As a restaurant guy, I'd rather hear about it, even if it's just picking nits, than have someone simply not come back. Of course I own the place and convincing employees to have the same mindset is tough. Especially when you know the person is a complainer/looking for something for free. Hard to swallow and accept it when you know for a fact they said bone in wings but then a different person calls back and claims they were the person who ordered and said boneless...... no that didn't just happen to me today, not at all.
Recently I finally told a customer I would replace her pizza for her for the last time. I simply said, "i have never said this to a customer before but no matter what we do, we can't make you happy. It is always something when you order. After tonight I'm not going to replace your food for you because short of you coming into the kitchen and making it yourself, I dont' know how to make you happy"
Over cooked, under cooked, not enough taco chips, don't want to pay for extra taco chips, too big of taco chips, too crushed up taco chips, not enough tomatoes, not enough hot sauce packets, (I'm not exaggerating these are all complaints from one woman I have logged), and my favorite 'you're driver got here too quickly, I was at the store getting something to drink and your driver kept calling my cell phone while I was at the store'.

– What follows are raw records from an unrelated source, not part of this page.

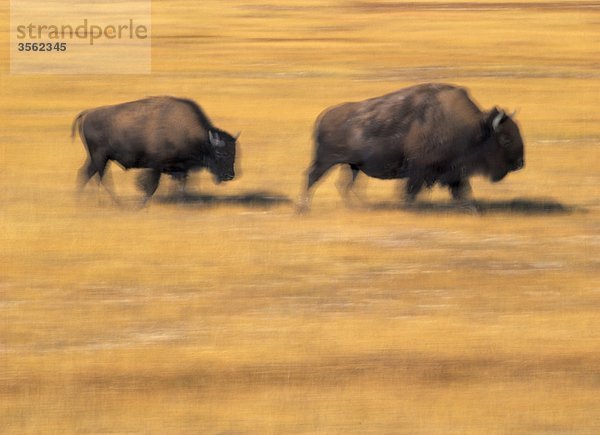 USA  Westen der USA  Wyoming  zwei Bisons Wandern im Yellowstone-Nationalpark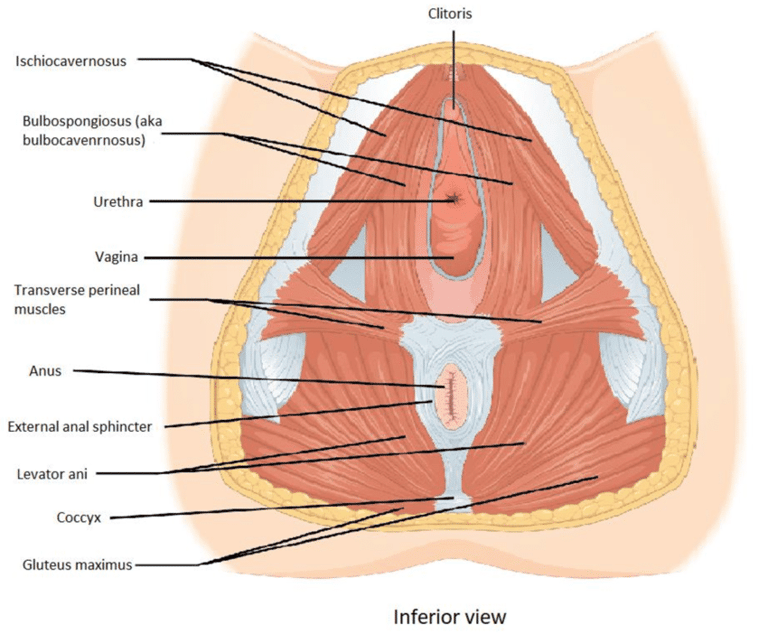dno miednicy od dołu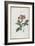 Almanach de Flore : Iatrophia-Pancrace Bessa-Framed Giclee Print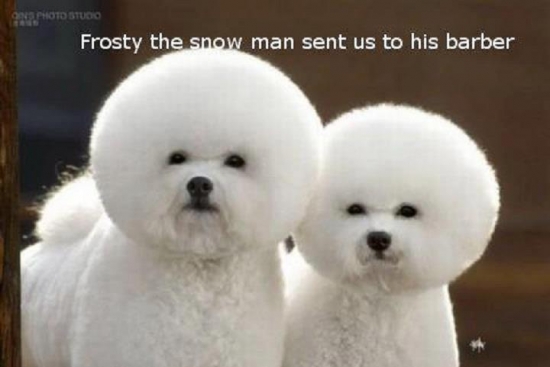 Frosty the Snow Man Sent Us To His Barber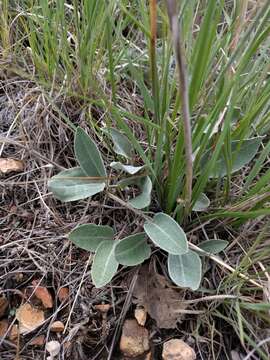 Image of redroot buckwheat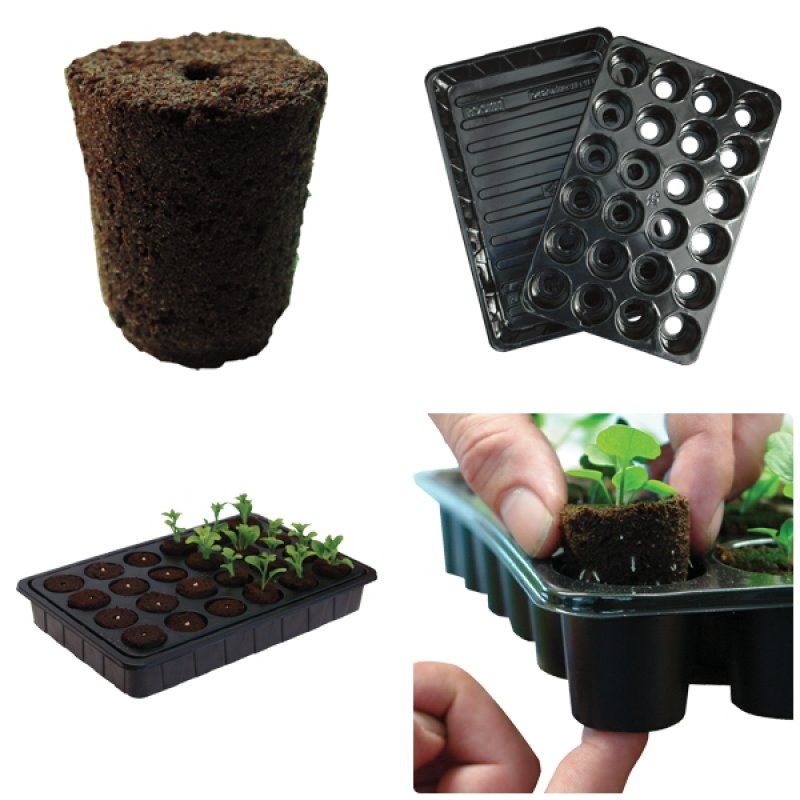 ROOT IT Natural Rooting Sponge 24 Cell Filled Trays- BOX 8ks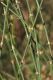 image of Allocasuarina decaisneana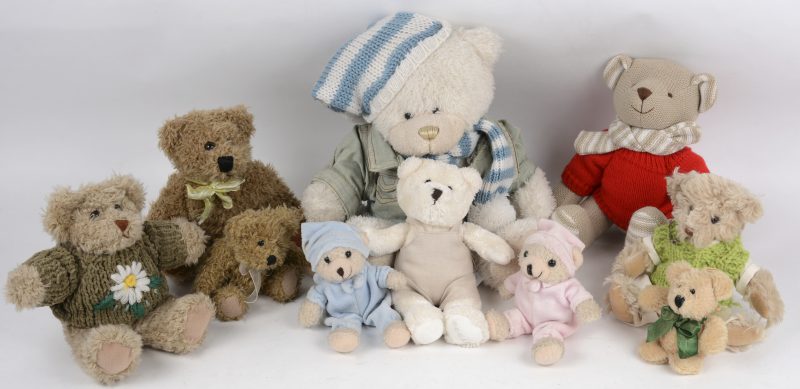 Tien diverse teddyberen van verschillende afmetingen.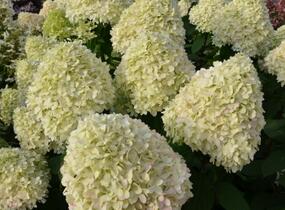 Hortenzie latnatá - Hydrangea paniculata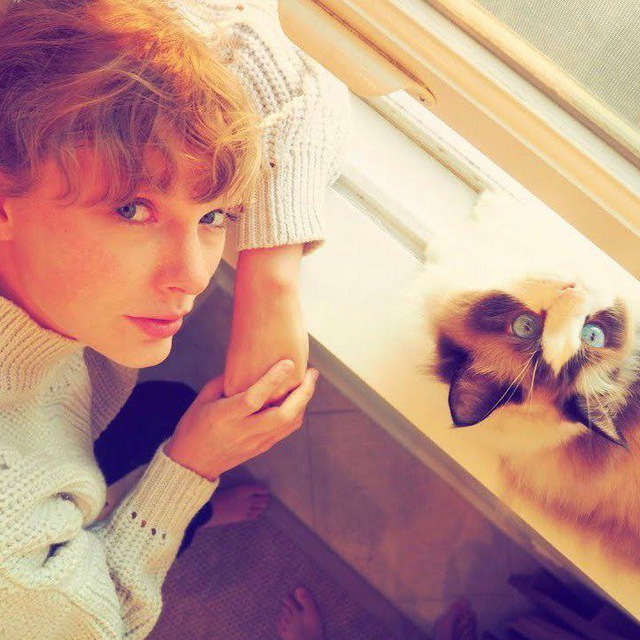 دانلود آهنگ جدید Taylor Swift به نام (Hey Stephen (Taylor's Version به همراه متن و ترجمه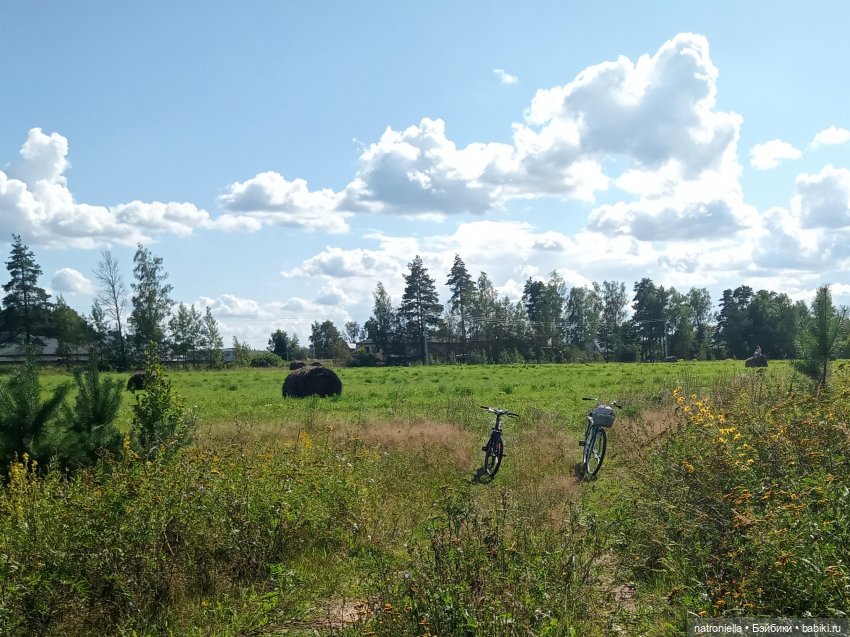 Лето с Пенни Брайт — Винтажные куклы ГДР (Немки): Бигги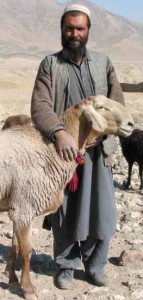 Shepherd with sheep in wild terrain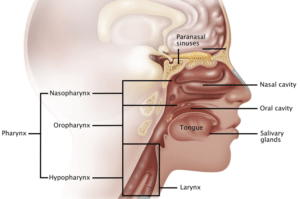 Nasopharyngeal Cancer Surgery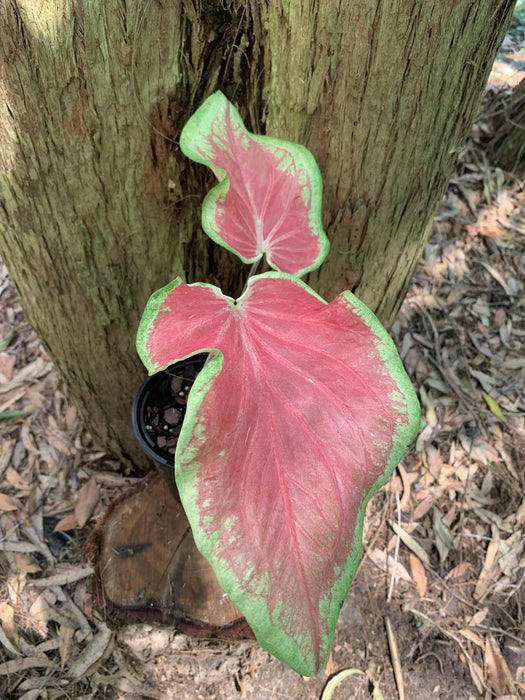 Caladium Starburst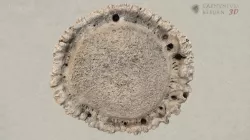 Hirschhornamulett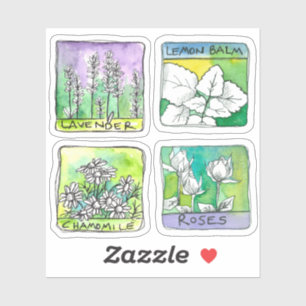 Apothecary Herbal Tee Jar Labels Chamomile Rose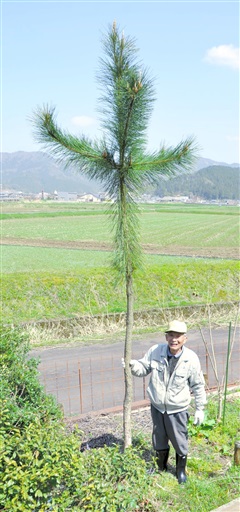 「奇跡の一本松」2代目、福井豪雨の被災地で成長　種から育て樹高5メートル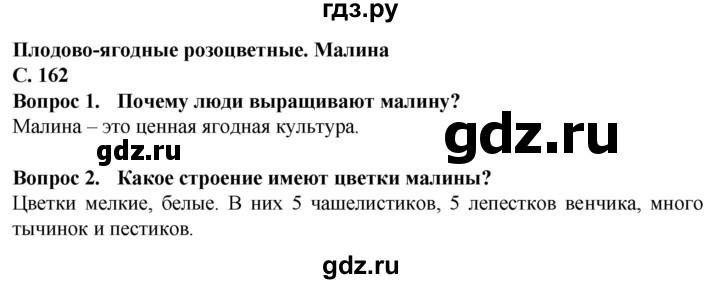 ГДЗ по биологии 7 класс Клепинина Растения. Бактерии. Грибы Для обучающихся с интеллектуальными нарушениями страница - 162, Решебник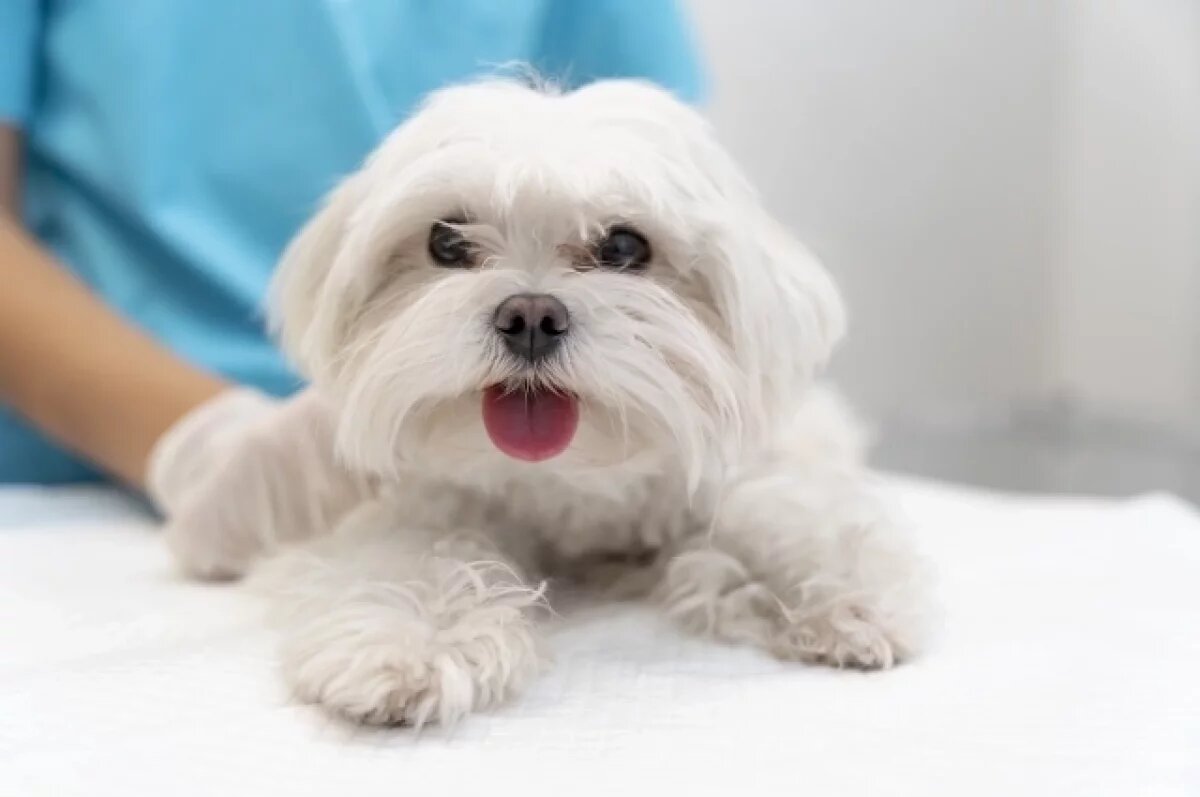    Маркировка и регистрация собак станут обязательными на Алтае с 2025 года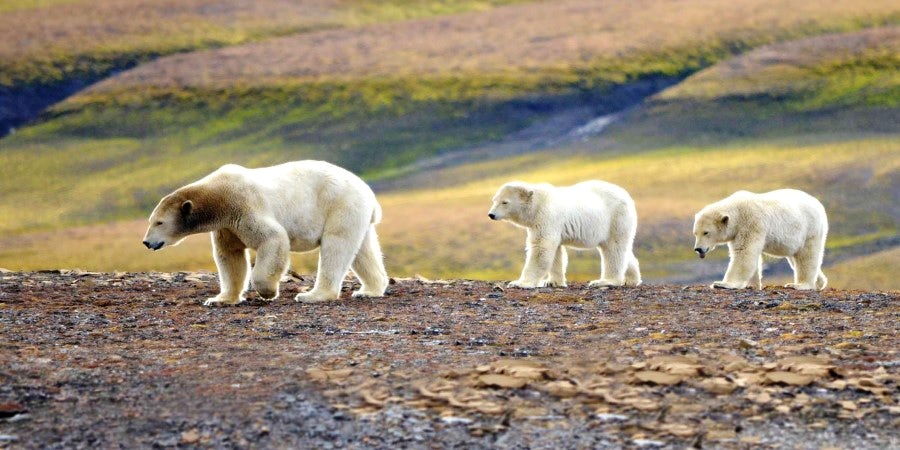 North West Spitsbergen National Park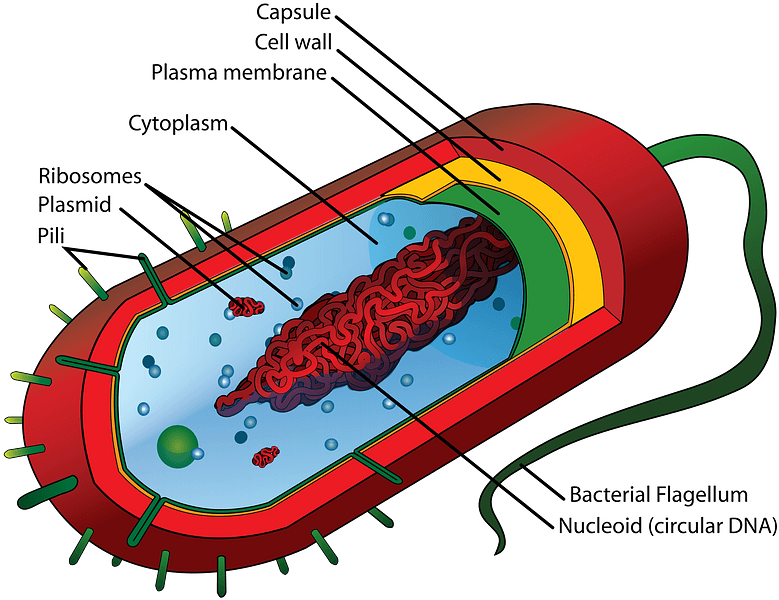 Average Prokaryote Cell En Clipart - Prokaryotic Cell Structure - Png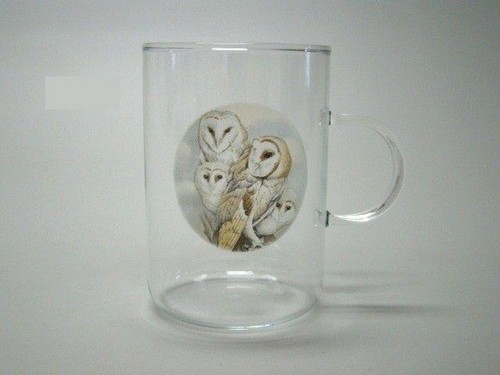 Uil theeglas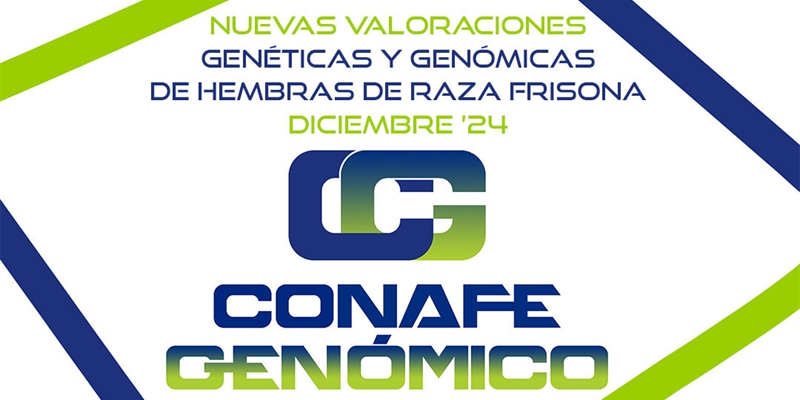 Nuevas Valoraciones Genticas y Genmicas de  Hembras de Raza Frisona Diciembre 2024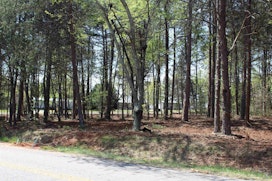 Lot 3 Peachtree Road image 2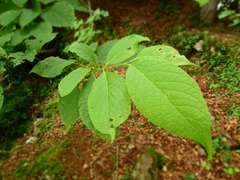 Pterostyrax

Oddly enough she agreed and didn't protest when I told her that. She has ordered since and not complained and even complimented the driver the other day saying the pizza looked good.
We do have a database for all complaints, and you can begin to redflag the scammers really quickly. I honestly want to start a private FB page or other website for all the QCA pizza places to share info on names/address/numbers of suspected scammers. We assume many run the same "I got a pizza last night and it was cold but we ate it anyway because we were so hungry and waited til today to call" kind of tricks with everyone, hoping someone will bite on it.